What the task requires >> In the material below, find the span from the line with "I've made several" to the line with "Whether you're advanced, aggressive, conservative, or" and transcribe only those lines, exactly, ends included, without the pictures.

Dataset entries >>
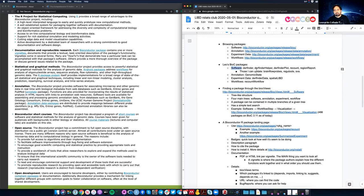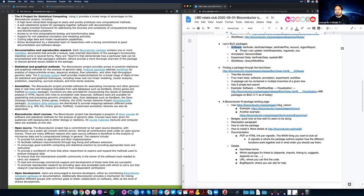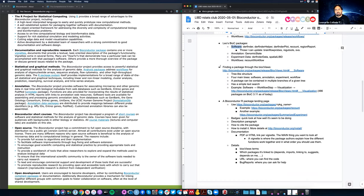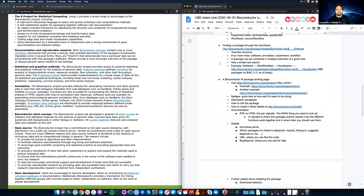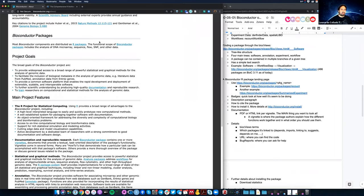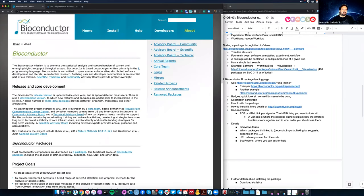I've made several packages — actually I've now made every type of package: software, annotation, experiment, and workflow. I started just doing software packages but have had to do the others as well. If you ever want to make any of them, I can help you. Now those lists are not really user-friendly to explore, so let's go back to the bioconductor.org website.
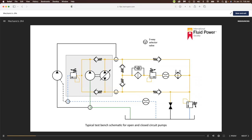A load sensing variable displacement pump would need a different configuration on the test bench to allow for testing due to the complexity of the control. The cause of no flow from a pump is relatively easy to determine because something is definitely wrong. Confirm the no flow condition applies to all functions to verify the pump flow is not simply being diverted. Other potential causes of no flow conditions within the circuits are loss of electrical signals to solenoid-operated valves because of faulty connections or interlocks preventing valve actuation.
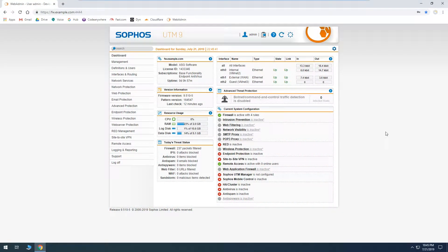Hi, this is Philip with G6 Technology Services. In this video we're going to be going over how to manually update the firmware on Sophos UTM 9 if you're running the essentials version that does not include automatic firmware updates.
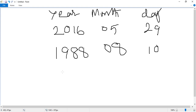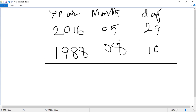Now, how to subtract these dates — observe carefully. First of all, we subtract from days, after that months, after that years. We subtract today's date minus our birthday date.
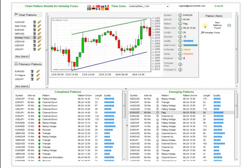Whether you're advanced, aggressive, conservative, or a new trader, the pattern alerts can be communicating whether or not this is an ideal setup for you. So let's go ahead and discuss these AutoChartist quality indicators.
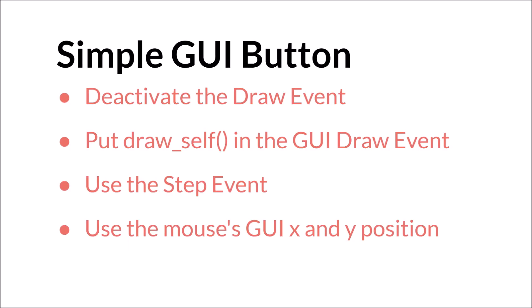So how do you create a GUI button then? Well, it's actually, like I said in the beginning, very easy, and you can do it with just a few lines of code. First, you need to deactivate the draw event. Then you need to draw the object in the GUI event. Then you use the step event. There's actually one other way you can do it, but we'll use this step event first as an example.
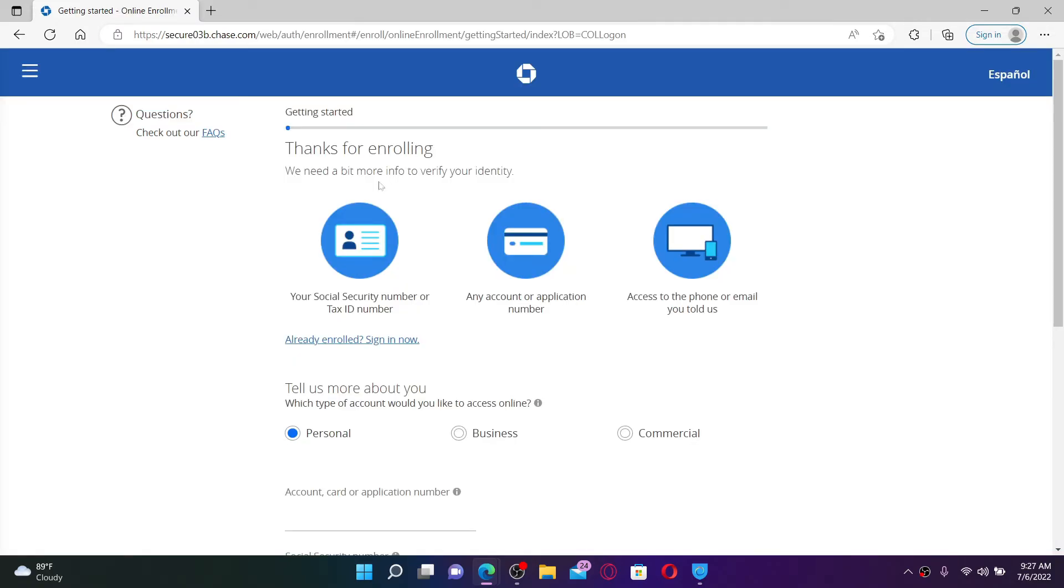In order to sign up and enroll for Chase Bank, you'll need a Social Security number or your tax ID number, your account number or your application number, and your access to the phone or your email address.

---

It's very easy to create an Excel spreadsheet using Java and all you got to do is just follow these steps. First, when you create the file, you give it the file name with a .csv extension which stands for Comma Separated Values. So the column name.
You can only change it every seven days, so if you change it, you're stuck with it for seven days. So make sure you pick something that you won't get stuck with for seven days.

Written response >>
I've made several packages — actually I've now made every type of package: software, annotation, experiment, and workflow. I started just doing software packages but have had to do the others as well. If you ever want to make any of them, I can help you. Now those lists are not really user-friendly to explore, so let's go back to the bioconductor.org website.
A load sensing variable displacement pump would need a different configuration on the test bench to allow for testing due to the complexity of the control. The cause of no flow from a pump is relatively easy to determine because something is definitely wrong. Confirm the no flow condition applies to all functions to verify the pump flow is not simply being diverted. Other potential causes of no flow conditions within the circuits are loss of electrical signals to solenoid-operated valves because of faulty connections or interlocks preventing valve actuation.
Hi, this is Philip with G6 Technology Services. In this video we're going to be going over how to manually update the firmware on Sophos UTM 9 if you're running the essentials version that does not include automatic firmware updates.
Now, how to subtract these dates — observe carefully. First of all, we subtract from days, after that months, after that years. We subtract today's date minus our birthday date.
Whether you're advanced, aggressive, conservative, or a new trader, the pattern alerts can be communicating whether or not this is an ideal setup for you. So let's go ahead and discuss these AutoChartist quality indicators.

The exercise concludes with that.